• RECORDED DATA:
━━━
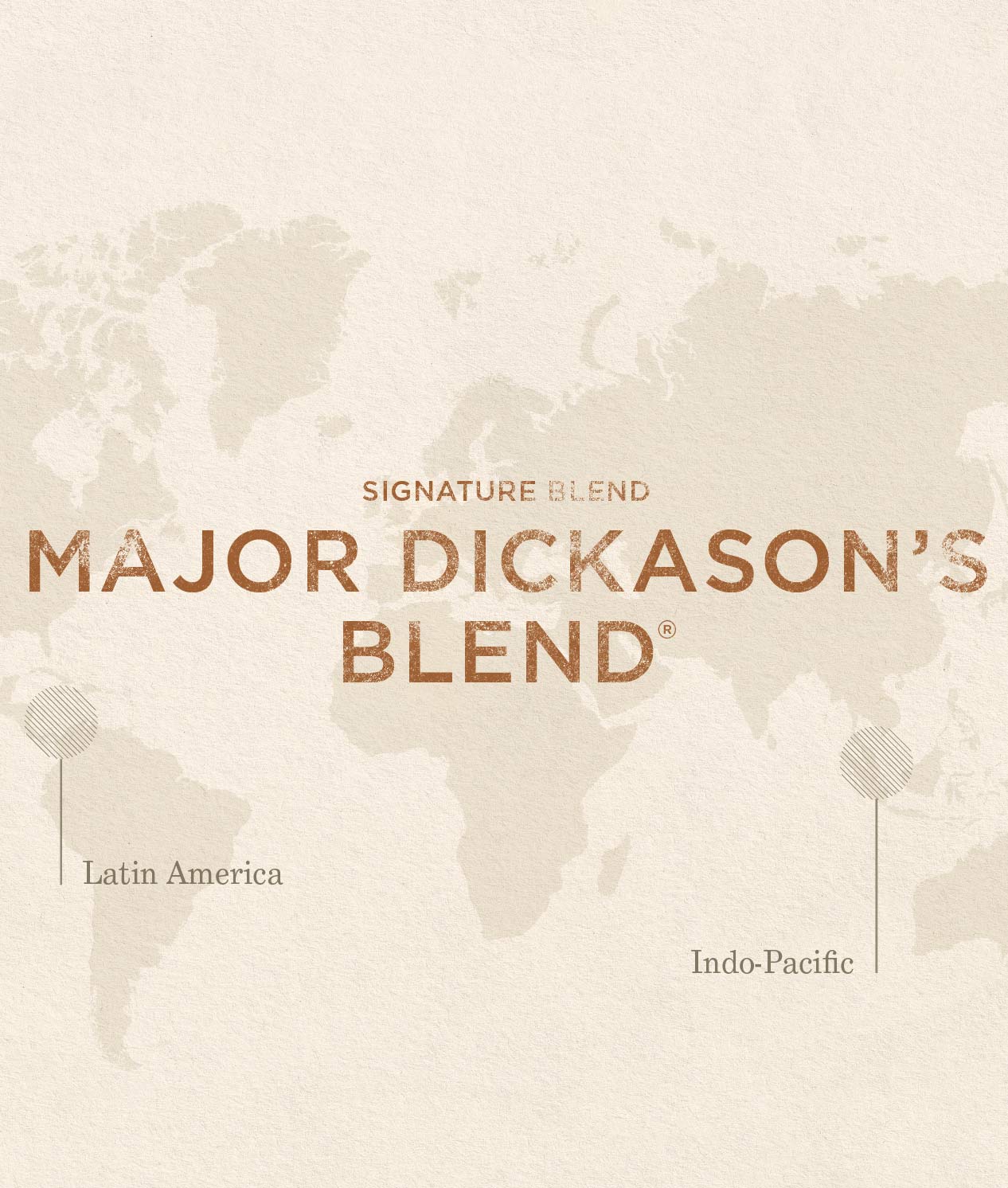 Peet's Coffee Decaf Major Dickason's Blend® Logo
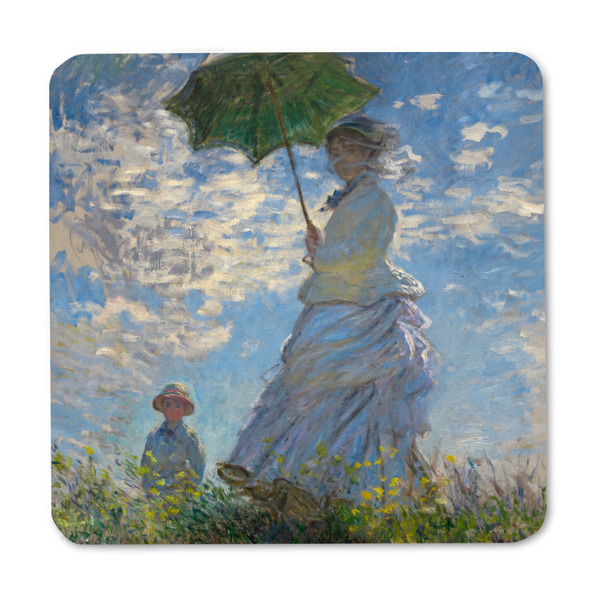 Promenade Woman by Claude Monet Square Fridge Magnet - FRONT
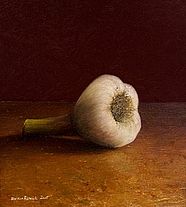 Stilleven met Knoflook, 18x20cm, 2005. VERKOCHT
━━━
• EXERCISE OBJECTIVE: From the first line to the last, please copy the data exactly, with the pictures left out.

• RESULT FOR THIS EXERCISE:
 Peet's Coffee Decaf Major Dickason's Blend® Logo
 Promenade Woman by Claude Monet Square Fridge Magnet - FRONT
 Stilleven met Knoflook, 18x20cm, 2005. VERKOCHT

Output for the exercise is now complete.